__WORK TO BE COMPLETED__:
Using the listing below, give again exactly the lines from the line with "Wilmer Valderrama and Mike O'Malley in NCIS" to the line with "Piaggio MP3 300 ABS Hpe (2021 - 24) (3)", inclusive, without the pictures.

### GIVEN RECORDS ###

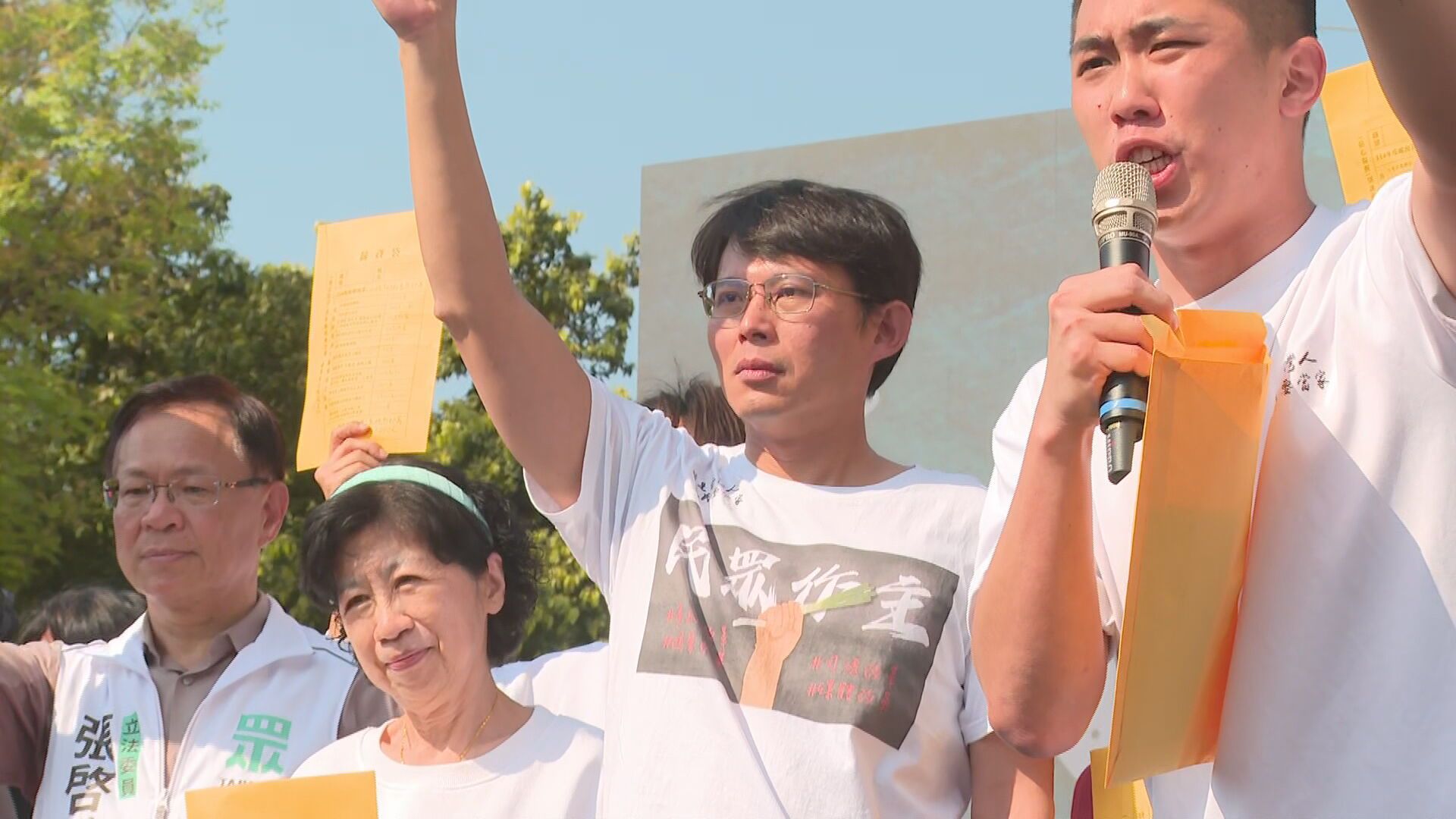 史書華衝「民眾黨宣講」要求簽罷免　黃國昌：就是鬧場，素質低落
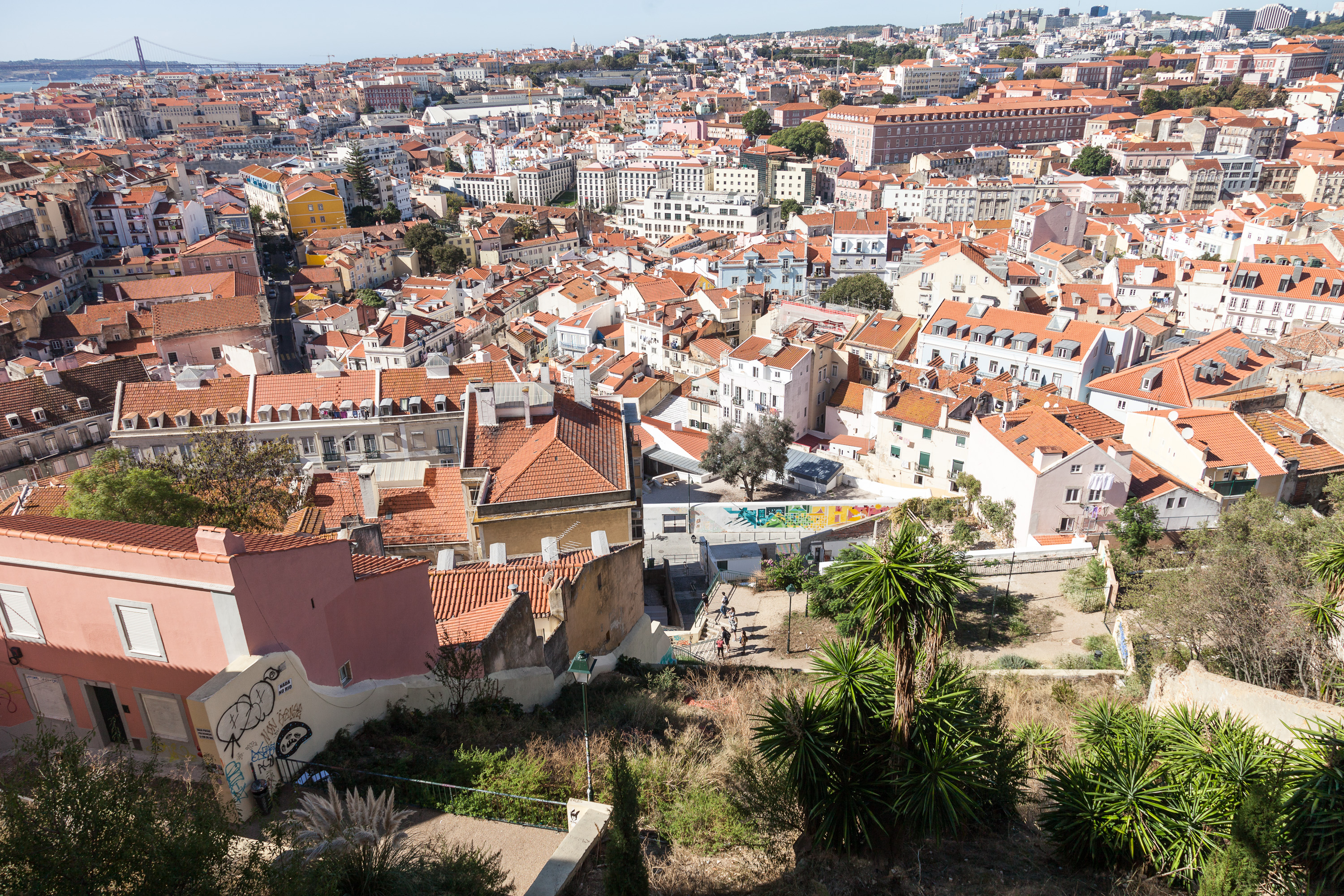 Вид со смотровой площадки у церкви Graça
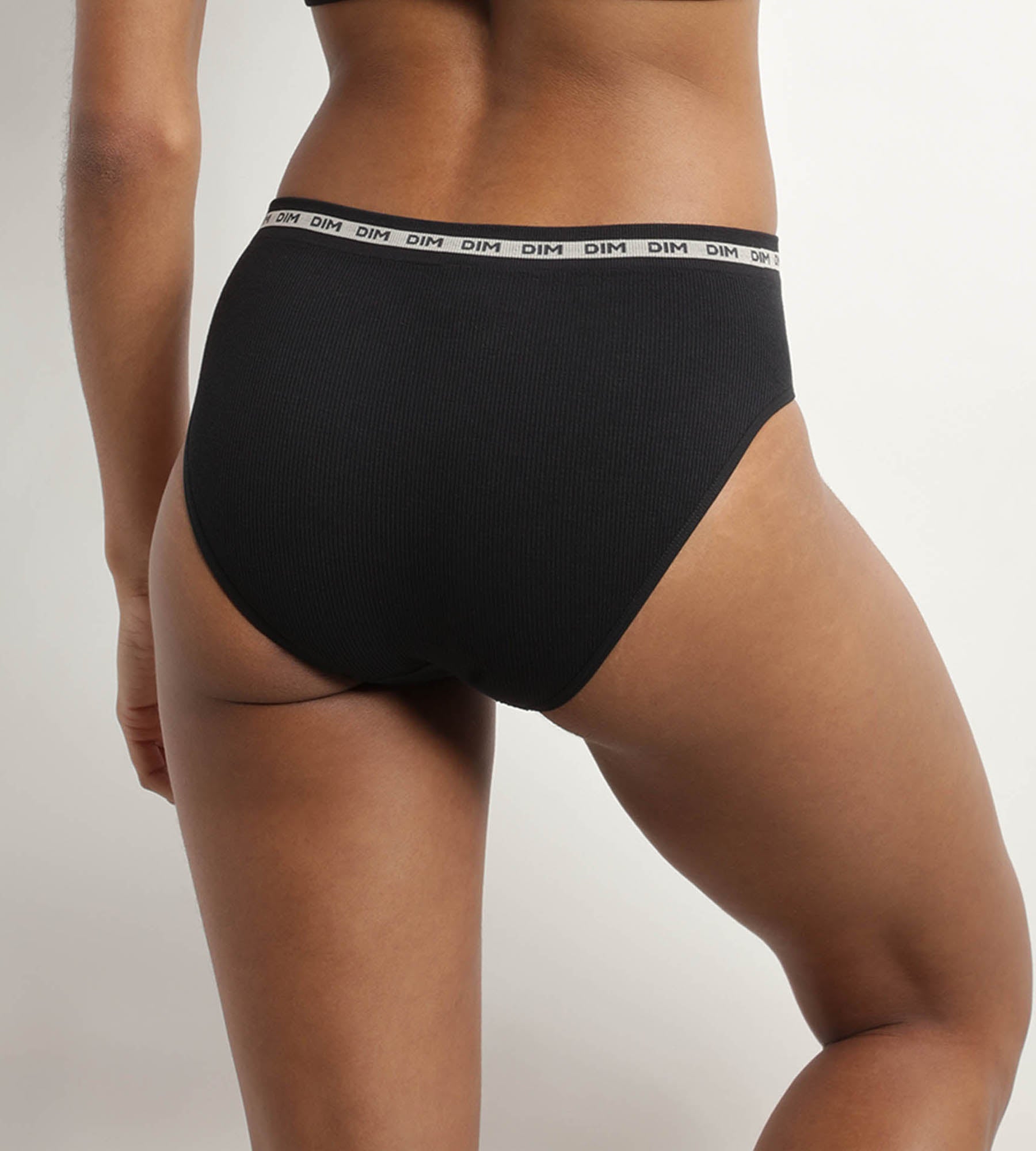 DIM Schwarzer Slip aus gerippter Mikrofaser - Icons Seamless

###
### GIVEN RECORDS ###

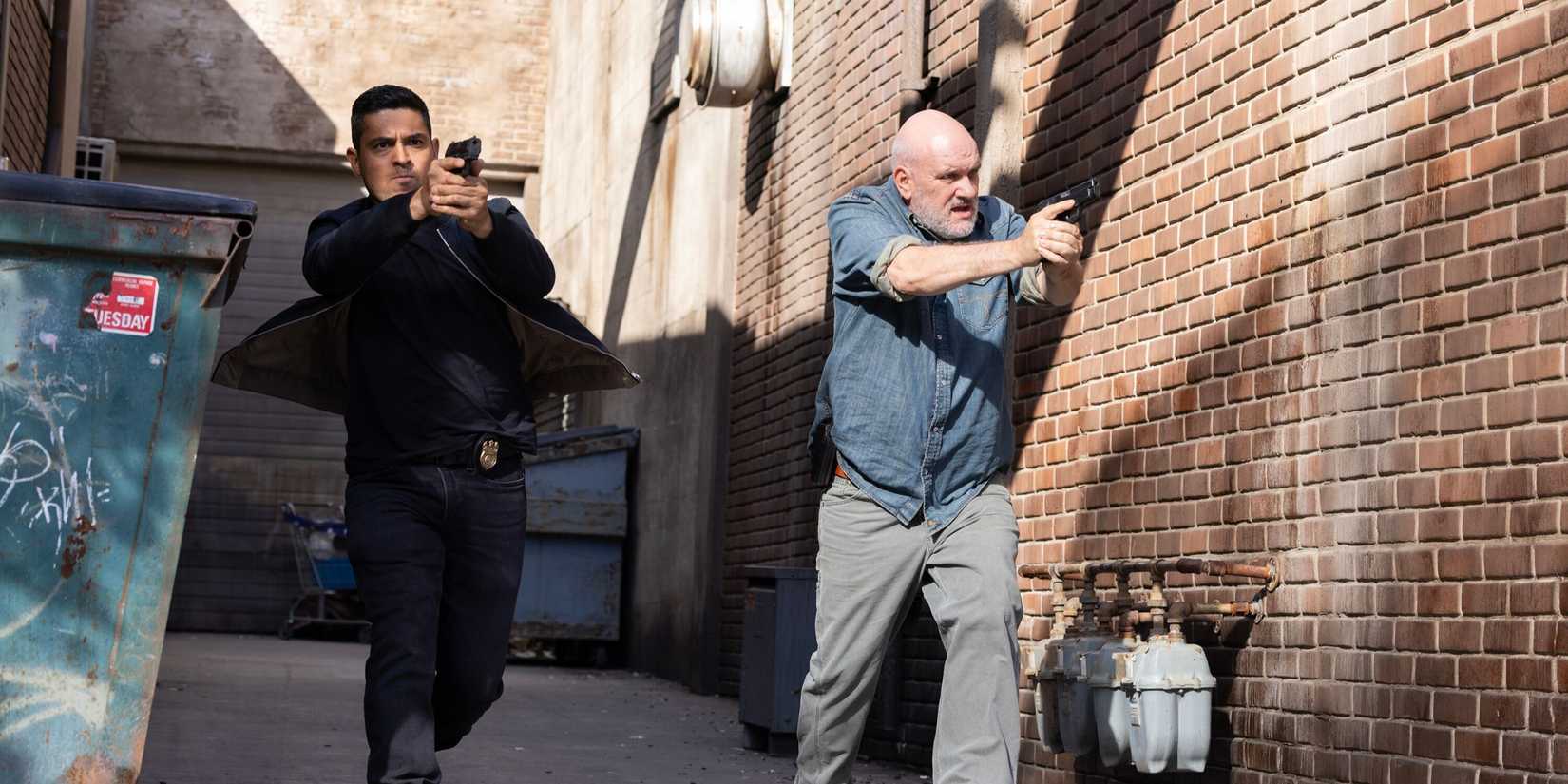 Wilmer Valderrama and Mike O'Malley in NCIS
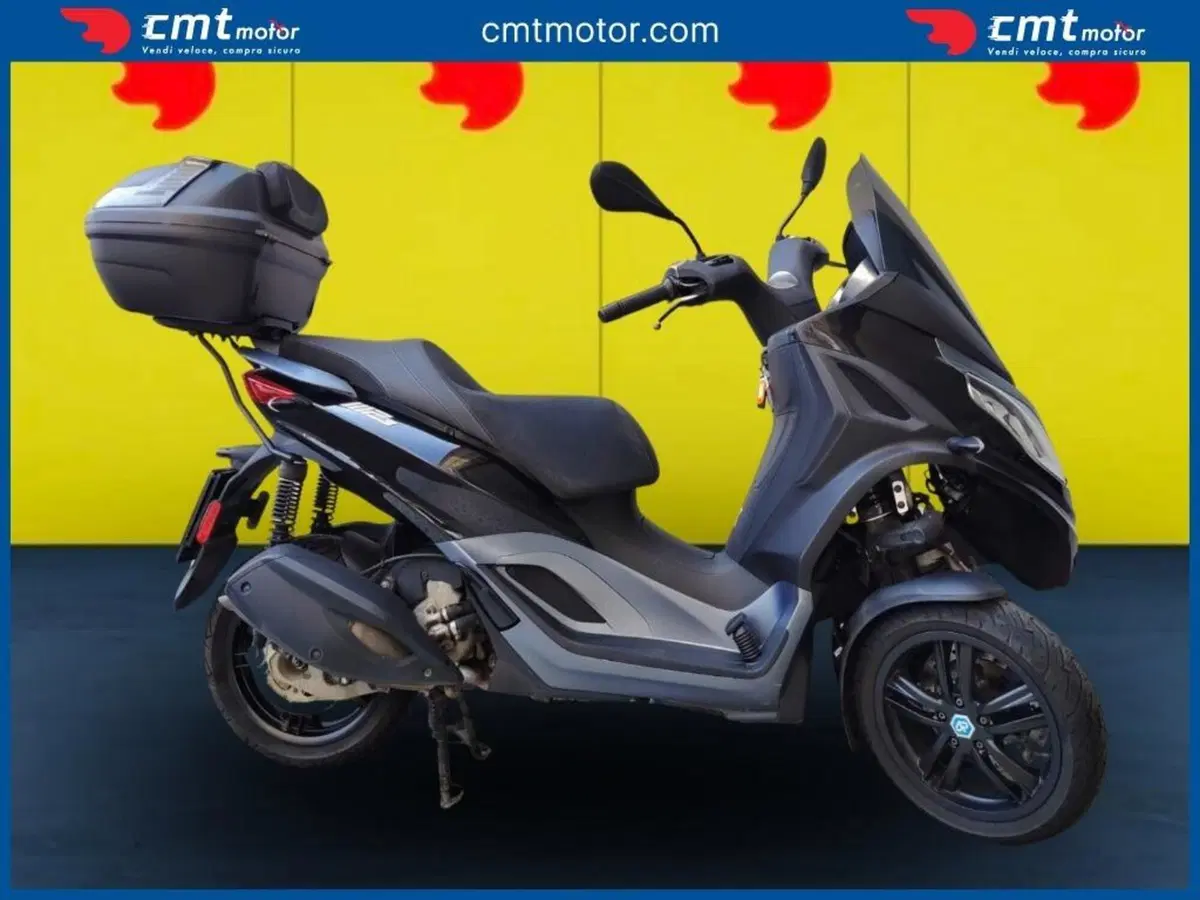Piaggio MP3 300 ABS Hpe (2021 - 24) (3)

###

__RESPONSE FOR THIS EXERCISE__:
 Wilmer Valderrama and Mike O'Malley in NCIS
Piaggio MP3 300 ABS Hpe (2021 - 24) (3)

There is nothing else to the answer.